» EXERCISE PROMPT: The full listing, written out exactly and without images, is the expected result.

» INFORMATION SUPPLIED:
Start of Block

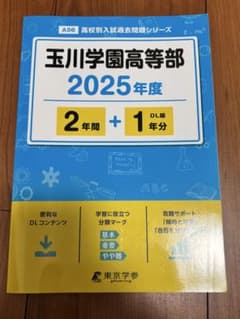 玉川学園高等部 2025年度 高校入試 過去問 書込みなしのサムネイル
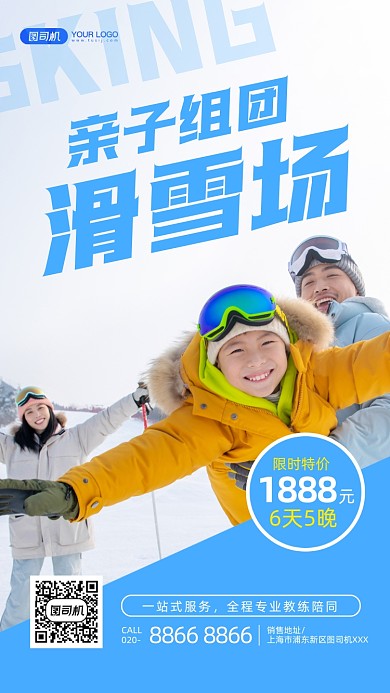 蓝色简约亲子组团滑雪场摄影手机海报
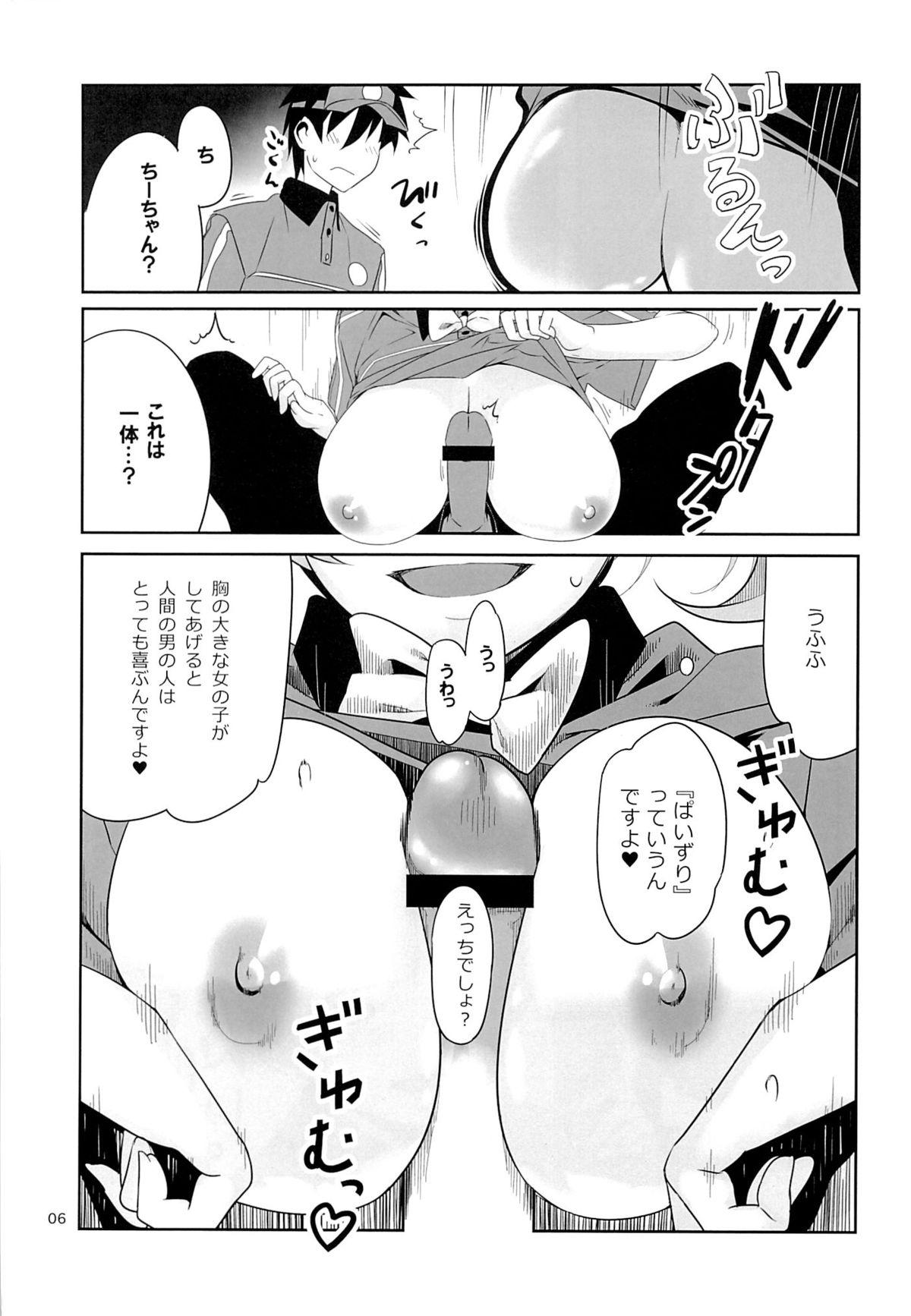 Teenage Sex Yuuzai Shouko Bukken 5-gou - Hataraku maou sama Pigtails - Page 5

End of Block

» WRITTEN ANSWER:
 玉川学園高等部 2025年度 高校入試 過去問 書込みなしのサムネイル
 蓝色简约亲子组团滑雪场摄影手机海报
 Teenage Sex Yuuzai Shouko Bukken 5-gou - Hataraku maou sama Pigtails - Page 5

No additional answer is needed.